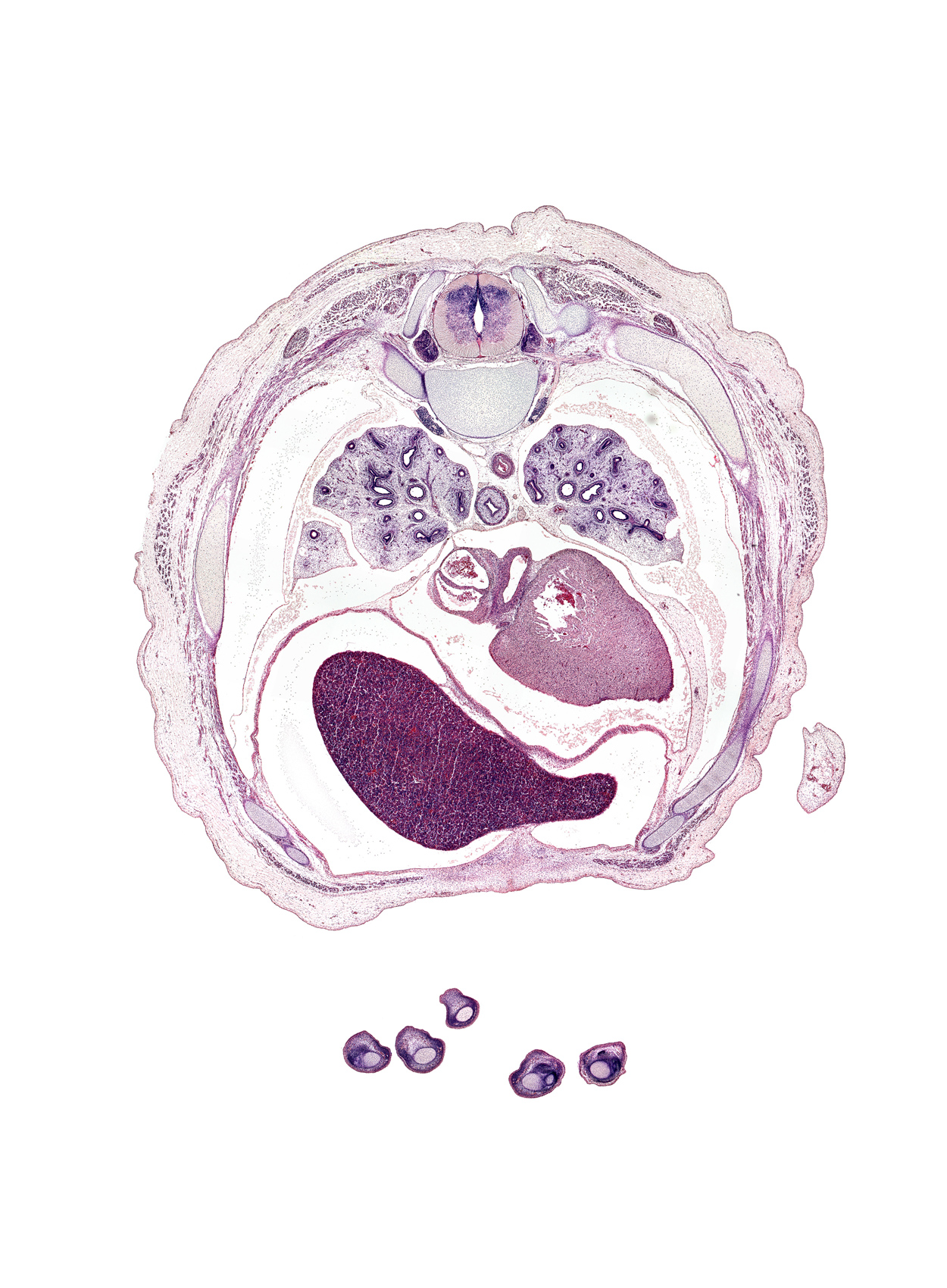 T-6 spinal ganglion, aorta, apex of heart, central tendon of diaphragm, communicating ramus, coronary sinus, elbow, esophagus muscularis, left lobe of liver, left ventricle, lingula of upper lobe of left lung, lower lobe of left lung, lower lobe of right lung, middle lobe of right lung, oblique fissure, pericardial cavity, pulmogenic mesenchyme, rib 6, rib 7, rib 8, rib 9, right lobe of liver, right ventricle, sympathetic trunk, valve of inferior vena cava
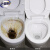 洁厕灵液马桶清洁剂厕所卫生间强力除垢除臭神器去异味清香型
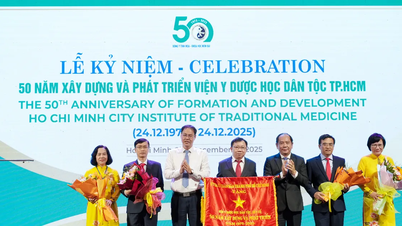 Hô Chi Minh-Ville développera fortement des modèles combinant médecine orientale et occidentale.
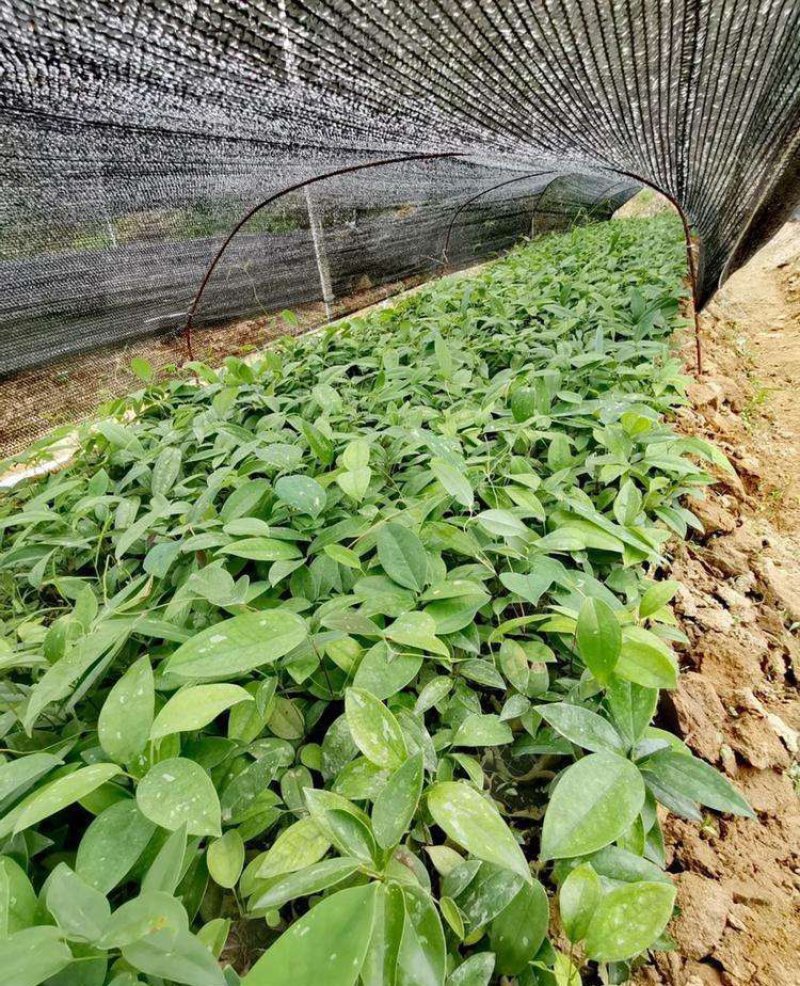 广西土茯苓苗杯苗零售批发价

==

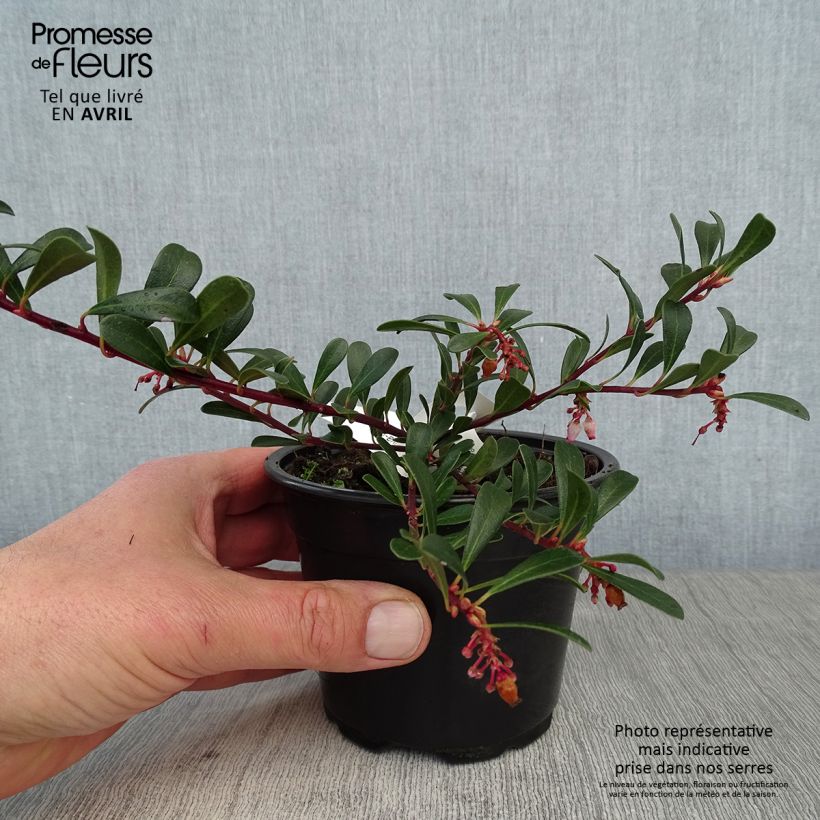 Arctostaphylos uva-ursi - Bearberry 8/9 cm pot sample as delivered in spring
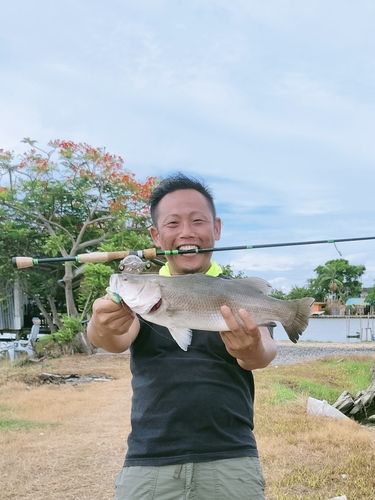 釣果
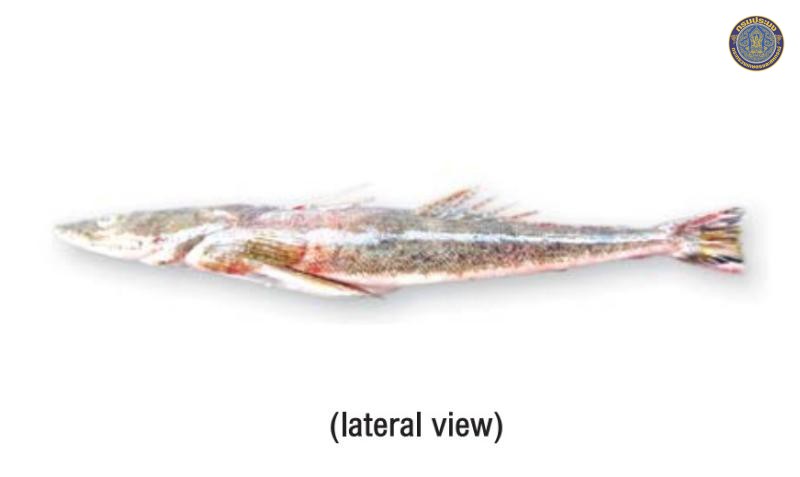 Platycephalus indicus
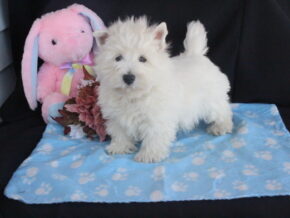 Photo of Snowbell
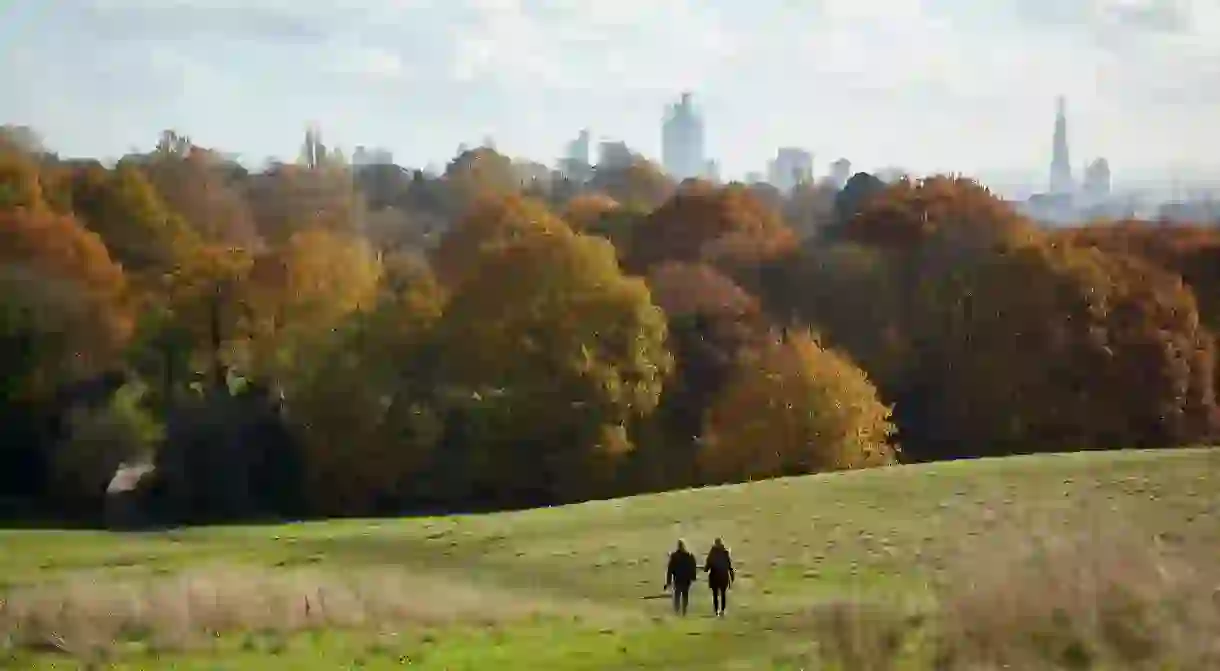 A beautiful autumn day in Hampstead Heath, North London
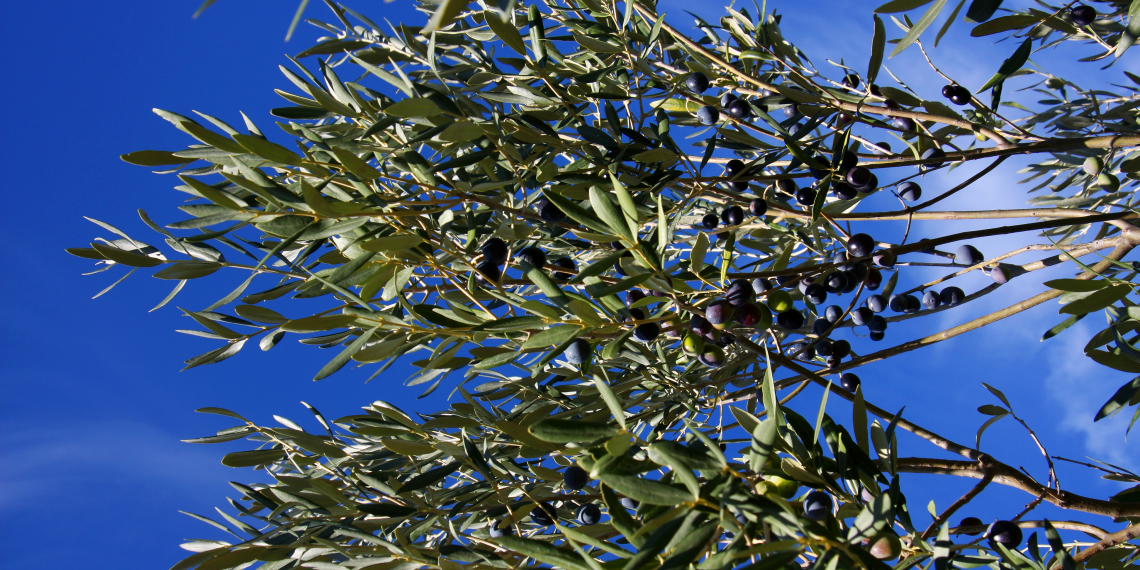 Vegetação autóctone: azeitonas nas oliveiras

---

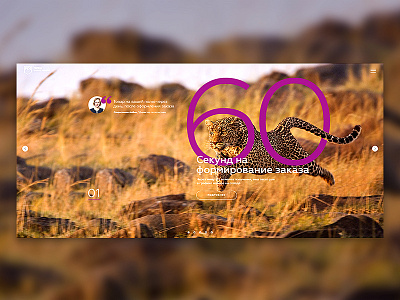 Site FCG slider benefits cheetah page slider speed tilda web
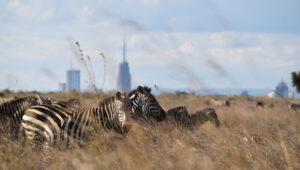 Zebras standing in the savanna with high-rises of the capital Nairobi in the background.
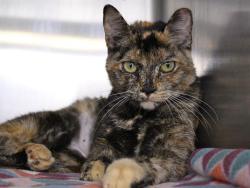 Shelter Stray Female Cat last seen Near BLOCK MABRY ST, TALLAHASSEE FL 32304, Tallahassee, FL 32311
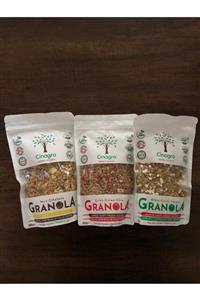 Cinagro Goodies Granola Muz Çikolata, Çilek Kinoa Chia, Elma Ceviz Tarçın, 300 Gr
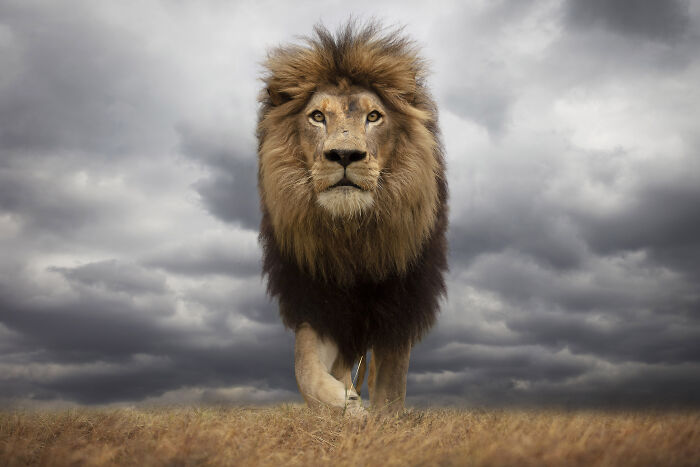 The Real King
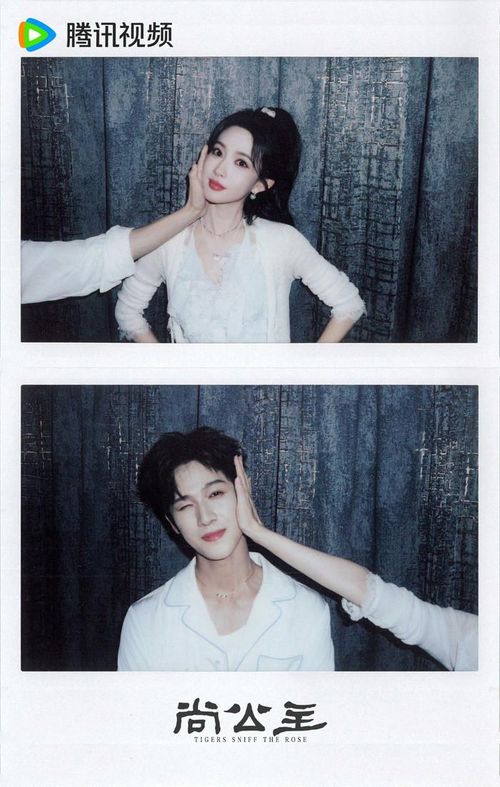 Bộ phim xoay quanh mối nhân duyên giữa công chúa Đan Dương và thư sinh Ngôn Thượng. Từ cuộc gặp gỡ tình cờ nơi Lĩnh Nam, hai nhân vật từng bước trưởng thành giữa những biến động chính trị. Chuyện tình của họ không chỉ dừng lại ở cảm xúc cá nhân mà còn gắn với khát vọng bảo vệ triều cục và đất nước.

* Task directions *
Only one part of the material above is wanted: the lines from the one with "Shelter Stray Female" up to and including the one with "The Real King". Please copy them exactly, pictures left out.

* Response box *
 Shelter Stray Female Cat last seen Near BLOCK MABRY ST, TALLAHASSEE FL 32304, Tallahassee, FL 32311
 Cinagro Goodies Granola Muz Çikolata, Çilek Kinoa Chia, Elma Ceviz Tarçın, 300 Gr
 The Real King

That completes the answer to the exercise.